Information provided: Begin
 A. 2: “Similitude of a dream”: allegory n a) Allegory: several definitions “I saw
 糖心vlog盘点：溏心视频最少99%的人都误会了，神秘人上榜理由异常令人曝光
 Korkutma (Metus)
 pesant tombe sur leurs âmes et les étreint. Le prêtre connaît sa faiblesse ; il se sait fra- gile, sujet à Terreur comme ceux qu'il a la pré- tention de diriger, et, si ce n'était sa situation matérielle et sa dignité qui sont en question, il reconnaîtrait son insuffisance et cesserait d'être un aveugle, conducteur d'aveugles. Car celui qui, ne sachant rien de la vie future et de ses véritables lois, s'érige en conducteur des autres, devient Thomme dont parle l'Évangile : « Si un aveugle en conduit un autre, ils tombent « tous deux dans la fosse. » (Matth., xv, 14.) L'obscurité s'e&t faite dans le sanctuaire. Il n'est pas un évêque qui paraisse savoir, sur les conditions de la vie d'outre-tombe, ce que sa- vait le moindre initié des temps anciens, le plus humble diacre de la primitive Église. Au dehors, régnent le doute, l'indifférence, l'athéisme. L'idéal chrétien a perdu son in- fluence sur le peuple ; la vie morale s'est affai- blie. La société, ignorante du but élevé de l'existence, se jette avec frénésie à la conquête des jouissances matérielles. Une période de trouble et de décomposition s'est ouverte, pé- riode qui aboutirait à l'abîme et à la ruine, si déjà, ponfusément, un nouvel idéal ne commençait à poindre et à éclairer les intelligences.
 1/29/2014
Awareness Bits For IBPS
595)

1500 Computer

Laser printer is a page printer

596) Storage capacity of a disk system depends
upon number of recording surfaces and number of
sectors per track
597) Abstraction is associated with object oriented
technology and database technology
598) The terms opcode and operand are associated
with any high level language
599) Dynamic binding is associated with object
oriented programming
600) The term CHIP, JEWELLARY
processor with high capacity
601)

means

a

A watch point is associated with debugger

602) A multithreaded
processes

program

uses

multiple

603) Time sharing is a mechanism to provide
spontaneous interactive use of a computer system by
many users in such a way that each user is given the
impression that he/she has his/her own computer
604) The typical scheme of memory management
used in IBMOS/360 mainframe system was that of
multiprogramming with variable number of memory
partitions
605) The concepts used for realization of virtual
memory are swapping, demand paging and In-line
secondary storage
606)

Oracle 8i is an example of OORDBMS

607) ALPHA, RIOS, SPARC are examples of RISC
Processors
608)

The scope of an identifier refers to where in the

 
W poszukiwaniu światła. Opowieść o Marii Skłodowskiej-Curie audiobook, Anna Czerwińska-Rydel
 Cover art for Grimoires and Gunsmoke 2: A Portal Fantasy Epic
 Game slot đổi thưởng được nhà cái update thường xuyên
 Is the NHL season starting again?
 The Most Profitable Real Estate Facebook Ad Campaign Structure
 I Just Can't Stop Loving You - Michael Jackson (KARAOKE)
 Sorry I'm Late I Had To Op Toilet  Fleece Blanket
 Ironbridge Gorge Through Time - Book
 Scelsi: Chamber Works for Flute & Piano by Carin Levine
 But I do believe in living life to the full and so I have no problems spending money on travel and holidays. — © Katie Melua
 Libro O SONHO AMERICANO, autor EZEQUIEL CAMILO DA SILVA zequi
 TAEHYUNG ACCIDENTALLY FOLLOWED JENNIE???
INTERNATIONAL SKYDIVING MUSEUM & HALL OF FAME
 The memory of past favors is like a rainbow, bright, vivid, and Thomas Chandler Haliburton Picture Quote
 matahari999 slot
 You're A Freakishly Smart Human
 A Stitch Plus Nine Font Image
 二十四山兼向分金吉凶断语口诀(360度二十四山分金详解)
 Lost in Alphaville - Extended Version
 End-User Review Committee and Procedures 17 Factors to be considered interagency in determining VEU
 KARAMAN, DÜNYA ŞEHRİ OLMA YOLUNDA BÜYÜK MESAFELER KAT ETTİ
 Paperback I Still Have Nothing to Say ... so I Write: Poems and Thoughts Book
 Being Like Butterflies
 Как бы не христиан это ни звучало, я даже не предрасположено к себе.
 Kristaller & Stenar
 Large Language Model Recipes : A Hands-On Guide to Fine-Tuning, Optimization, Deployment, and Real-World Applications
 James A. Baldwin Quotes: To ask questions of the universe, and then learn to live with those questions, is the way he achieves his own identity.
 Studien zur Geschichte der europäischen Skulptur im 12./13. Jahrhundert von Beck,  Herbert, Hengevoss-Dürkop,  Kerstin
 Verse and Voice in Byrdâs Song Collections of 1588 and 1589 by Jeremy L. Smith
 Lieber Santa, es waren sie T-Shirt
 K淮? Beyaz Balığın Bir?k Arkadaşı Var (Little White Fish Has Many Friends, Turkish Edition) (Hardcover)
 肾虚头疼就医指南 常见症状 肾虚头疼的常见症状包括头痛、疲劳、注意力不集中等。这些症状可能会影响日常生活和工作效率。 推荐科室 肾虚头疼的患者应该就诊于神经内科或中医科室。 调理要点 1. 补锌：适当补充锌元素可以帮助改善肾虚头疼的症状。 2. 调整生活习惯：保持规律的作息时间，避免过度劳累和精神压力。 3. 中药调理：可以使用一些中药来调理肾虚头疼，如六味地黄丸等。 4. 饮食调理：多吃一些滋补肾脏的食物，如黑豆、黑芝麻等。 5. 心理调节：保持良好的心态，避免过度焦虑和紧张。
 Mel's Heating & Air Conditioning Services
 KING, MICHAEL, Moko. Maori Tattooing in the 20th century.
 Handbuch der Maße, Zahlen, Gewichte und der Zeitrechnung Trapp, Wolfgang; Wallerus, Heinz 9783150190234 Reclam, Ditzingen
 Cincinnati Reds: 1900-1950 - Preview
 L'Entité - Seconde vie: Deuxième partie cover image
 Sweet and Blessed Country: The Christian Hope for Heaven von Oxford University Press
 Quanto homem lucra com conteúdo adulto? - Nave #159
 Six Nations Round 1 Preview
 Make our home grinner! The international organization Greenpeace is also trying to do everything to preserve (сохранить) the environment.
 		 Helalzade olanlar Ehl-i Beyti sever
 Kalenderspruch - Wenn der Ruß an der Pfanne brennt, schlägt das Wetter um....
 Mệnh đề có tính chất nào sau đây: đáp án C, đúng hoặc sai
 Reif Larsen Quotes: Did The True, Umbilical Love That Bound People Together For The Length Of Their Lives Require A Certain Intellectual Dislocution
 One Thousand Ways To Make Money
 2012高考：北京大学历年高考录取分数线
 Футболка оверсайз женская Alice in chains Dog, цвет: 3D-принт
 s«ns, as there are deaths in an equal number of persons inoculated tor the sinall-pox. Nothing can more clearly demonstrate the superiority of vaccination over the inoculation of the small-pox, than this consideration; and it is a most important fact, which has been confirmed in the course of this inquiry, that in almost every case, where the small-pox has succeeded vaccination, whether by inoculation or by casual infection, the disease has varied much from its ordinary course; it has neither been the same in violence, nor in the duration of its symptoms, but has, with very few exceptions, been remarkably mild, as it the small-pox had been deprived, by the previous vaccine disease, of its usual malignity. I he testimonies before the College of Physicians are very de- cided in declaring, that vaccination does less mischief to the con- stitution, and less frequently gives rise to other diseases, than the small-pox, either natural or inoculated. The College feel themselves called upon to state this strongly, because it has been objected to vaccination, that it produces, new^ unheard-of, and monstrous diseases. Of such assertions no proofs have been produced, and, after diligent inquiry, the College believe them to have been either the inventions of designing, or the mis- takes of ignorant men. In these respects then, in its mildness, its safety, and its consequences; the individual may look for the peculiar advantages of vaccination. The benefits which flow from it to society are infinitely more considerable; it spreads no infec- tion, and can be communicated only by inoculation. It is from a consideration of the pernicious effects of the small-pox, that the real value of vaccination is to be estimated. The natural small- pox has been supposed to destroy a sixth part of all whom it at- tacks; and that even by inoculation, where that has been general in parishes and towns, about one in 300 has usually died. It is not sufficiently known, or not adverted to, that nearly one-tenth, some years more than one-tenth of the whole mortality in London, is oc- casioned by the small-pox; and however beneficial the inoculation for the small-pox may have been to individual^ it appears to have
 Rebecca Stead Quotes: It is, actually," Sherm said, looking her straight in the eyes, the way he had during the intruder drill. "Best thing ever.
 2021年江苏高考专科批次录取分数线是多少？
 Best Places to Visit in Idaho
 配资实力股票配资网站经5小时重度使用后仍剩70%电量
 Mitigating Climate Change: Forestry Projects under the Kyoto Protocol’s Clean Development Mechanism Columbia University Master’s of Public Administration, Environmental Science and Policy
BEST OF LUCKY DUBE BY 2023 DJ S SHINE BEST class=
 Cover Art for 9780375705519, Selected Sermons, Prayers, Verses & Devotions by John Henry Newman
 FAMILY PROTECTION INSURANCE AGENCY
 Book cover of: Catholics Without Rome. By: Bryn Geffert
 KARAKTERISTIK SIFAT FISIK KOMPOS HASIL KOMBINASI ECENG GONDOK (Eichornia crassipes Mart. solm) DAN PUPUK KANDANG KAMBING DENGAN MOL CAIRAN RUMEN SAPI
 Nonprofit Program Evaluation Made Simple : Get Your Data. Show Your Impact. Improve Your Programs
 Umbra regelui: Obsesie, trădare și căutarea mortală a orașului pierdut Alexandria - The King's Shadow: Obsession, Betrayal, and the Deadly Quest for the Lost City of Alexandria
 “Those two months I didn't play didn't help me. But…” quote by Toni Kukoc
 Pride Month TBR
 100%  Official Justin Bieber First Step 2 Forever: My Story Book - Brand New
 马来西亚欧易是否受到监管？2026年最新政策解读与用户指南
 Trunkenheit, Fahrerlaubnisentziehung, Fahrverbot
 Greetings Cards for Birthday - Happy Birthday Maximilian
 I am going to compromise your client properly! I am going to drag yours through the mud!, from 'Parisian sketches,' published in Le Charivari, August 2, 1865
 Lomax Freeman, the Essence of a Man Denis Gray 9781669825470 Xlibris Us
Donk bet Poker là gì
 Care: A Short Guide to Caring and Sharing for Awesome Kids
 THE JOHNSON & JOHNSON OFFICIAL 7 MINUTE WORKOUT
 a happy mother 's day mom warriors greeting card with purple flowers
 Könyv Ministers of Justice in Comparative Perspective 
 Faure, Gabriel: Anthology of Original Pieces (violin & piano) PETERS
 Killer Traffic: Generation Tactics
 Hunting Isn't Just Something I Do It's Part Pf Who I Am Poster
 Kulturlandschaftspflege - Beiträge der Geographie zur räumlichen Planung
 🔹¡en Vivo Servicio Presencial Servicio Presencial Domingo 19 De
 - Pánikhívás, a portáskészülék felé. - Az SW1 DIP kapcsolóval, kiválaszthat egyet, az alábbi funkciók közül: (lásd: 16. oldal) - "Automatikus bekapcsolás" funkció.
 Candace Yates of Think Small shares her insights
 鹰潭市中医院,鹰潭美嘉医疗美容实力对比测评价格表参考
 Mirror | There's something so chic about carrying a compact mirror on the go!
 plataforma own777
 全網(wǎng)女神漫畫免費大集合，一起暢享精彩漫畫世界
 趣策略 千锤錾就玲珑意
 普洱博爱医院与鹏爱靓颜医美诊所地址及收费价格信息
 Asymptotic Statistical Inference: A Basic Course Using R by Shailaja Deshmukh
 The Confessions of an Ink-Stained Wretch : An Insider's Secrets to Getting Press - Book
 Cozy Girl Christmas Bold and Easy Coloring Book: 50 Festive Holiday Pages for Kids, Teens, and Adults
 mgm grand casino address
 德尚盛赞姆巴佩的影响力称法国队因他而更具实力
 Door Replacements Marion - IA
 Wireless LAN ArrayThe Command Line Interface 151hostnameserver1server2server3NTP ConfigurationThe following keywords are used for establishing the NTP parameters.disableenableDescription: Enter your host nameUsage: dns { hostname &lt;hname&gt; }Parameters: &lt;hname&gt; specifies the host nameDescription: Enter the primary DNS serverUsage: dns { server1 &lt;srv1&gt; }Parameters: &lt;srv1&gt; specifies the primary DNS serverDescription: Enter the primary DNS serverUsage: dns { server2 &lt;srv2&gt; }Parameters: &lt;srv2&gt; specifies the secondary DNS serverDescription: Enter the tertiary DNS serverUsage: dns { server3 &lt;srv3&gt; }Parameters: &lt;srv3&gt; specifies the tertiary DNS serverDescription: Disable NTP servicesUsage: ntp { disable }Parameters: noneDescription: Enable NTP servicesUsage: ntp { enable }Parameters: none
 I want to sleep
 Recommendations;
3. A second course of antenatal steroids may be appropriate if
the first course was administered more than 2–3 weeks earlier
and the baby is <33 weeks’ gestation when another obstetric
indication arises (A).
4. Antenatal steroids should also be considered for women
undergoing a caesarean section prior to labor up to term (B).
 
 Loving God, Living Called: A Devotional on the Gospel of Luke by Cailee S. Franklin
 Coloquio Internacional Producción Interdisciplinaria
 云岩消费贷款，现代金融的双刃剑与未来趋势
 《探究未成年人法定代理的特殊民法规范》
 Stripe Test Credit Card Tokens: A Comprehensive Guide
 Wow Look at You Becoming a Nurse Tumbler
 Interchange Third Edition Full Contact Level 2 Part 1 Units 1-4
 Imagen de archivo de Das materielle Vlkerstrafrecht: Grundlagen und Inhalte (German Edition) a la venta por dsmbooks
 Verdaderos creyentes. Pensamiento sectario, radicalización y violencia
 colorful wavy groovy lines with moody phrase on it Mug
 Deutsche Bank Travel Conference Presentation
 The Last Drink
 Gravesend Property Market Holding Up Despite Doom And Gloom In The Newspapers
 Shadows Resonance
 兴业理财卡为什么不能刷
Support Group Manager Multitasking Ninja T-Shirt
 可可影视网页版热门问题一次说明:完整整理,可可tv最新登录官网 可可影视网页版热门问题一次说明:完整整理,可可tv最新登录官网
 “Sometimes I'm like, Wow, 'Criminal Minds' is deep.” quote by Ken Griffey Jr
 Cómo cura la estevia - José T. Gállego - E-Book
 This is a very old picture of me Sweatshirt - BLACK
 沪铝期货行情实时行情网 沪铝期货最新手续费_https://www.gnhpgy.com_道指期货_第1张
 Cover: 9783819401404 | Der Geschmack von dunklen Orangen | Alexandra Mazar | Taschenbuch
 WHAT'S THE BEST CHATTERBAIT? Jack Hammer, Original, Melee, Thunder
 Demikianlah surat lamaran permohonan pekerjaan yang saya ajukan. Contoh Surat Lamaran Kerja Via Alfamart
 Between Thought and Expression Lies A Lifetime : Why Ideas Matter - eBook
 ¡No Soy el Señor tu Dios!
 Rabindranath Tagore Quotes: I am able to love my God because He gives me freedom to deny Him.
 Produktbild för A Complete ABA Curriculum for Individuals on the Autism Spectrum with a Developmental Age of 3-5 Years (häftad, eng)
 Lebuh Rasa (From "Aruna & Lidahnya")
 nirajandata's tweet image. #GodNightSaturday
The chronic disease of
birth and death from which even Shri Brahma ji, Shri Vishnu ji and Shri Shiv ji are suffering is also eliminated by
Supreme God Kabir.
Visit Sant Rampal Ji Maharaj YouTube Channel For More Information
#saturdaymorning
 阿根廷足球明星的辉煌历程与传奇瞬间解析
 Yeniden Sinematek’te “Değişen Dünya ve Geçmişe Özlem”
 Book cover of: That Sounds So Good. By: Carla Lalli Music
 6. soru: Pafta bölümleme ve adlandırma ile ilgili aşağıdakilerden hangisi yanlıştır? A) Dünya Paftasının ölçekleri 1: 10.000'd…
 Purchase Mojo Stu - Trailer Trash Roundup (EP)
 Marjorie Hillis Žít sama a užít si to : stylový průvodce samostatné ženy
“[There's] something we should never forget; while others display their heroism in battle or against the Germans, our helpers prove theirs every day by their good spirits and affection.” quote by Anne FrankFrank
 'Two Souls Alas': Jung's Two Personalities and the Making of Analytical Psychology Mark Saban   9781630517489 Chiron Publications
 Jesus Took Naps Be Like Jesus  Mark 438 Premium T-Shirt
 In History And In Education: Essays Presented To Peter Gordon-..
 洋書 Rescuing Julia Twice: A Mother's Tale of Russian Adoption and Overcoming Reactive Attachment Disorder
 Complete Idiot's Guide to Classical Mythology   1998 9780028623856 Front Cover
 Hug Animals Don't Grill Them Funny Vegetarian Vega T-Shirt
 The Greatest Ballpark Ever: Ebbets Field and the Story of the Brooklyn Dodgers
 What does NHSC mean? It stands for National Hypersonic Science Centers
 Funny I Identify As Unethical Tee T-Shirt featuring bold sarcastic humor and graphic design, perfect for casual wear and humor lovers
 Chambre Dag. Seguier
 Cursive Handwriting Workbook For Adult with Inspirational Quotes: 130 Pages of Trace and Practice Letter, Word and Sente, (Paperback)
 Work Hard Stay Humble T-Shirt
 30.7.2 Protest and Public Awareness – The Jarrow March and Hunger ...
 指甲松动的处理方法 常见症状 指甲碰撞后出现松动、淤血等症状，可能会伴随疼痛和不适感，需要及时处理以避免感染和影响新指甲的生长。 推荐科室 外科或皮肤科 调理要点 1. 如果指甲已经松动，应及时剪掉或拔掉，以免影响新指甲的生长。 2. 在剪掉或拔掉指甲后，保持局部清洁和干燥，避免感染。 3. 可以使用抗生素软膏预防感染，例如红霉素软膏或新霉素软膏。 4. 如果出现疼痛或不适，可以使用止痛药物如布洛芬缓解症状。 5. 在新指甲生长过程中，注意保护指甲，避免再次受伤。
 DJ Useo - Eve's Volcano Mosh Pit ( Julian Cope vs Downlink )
Information provided: End
### Task instructions
For the data shown above, give the number of lines where the word "Kids" appears, and nothing else.

### Answer section
2